- **EXERCISE DATA**
····················
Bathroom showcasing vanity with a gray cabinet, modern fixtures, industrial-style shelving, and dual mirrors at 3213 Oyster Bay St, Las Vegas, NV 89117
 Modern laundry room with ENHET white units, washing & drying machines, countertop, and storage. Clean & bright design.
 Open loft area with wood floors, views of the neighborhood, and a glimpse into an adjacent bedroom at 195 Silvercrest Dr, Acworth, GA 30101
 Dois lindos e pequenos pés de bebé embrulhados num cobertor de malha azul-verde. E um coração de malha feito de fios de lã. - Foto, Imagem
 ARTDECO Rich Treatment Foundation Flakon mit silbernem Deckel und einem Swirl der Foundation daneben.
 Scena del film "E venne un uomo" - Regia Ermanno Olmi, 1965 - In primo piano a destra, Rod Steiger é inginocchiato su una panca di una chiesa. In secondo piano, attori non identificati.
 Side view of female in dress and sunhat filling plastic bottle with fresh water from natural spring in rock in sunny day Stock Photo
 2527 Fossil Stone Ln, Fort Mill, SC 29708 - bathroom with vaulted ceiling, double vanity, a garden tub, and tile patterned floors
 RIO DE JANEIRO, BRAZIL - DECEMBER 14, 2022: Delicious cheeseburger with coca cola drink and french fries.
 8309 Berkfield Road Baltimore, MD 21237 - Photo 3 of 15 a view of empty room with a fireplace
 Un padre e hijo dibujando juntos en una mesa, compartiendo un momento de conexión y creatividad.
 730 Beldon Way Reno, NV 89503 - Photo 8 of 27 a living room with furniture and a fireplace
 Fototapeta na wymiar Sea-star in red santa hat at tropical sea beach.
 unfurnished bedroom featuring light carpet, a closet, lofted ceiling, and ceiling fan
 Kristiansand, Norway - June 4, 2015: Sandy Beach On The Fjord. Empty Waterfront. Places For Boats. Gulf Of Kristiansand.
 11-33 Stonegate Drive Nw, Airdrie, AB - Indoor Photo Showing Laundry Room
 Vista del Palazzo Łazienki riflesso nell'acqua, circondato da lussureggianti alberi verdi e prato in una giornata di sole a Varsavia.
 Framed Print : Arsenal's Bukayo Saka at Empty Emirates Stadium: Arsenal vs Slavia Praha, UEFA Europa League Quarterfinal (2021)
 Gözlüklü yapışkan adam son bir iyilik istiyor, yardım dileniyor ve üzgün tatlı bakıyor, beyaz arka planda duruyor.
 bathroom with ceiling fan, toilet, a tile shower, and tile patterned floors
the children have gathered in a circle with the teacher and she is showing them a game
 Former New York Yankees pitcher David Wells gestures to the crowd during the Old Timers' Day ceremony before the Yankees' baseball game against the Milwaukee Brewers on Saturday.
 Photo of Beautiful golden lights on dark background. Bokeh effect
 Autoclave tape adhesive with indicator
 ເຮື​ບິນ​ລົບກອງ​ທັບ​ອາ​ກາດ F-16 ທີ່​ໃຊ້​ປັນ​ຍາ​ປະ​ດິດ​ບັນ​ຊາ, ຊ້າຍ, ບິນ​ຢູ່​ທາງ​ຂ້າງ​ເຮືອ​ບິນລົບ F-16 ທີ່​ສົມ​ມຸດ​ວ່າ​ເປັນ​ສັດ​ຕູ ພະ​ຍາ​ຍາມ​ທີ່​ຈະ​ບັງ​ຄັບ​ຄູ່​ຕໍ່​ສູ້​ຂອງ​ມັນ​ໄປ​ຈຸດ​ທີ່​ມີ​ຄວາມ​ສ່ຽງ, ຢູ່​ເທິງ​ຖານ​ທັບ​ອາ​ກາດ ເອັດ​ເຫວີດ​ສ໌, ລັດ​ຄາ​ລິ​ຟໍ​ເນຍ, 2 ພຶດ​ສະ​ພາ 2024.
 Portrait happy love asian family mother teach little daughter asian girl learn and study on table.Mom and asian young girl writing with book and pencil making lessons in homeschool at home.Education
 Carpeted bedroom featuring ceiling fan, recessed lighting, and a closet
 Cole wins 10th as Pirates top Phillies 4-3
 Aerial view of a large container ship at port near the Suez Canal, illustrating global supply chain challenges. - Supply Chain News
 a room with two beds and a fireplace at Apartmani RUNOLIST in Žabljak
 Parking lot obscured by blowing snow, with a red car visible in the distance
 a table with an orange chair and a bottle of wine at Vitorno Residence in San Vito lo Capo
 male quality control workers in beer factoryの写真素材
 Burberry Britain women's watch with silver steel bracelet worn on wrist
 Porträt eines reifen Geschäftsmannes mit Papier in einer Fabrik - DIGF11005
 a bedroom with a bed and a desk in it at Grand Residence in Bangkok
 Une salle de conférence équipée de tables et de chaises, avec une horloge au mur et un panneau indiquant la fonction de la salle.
····················
- **EXERCISE REQUIREMENTS**
Using the records above, copy exactly the lines from the one containing "Cole wins 10th as Pirates top Phillies 4-3" through the last, inclusive, and nothing else.

- **EXERCISE OUTPUT**
 Cole wins 10th as Pirates top Phillies 4-3
 Aerial view of a large container ship at port near the Suez Canal, illustrating global supply chain challenges. - Supply Chain News
 a room with two beds and a fireplace at Apartmani RUNOLIST in Žabljak
 Parking lot obscured by blowing snow, with a red car visible in the distance
 a table with an orange chair and a bottle of wine at Vitorno Residence in San Vito lo Capo
 male quality control workers in beer factoryの写真素材
 Burberry Britain women's watch with silver steel bracelet worn on wrist
 Porträt eines reifen Geschäftsmannes mit Papier in einer Fabrik - DIGF11005
 a bedroom with a bed and a desk in it at Grand Residence in Bangkok
 Une salle de conférence équipée de tables et de chaises, avec une horloge au mur et un panneau indiquant la fonction de la salle.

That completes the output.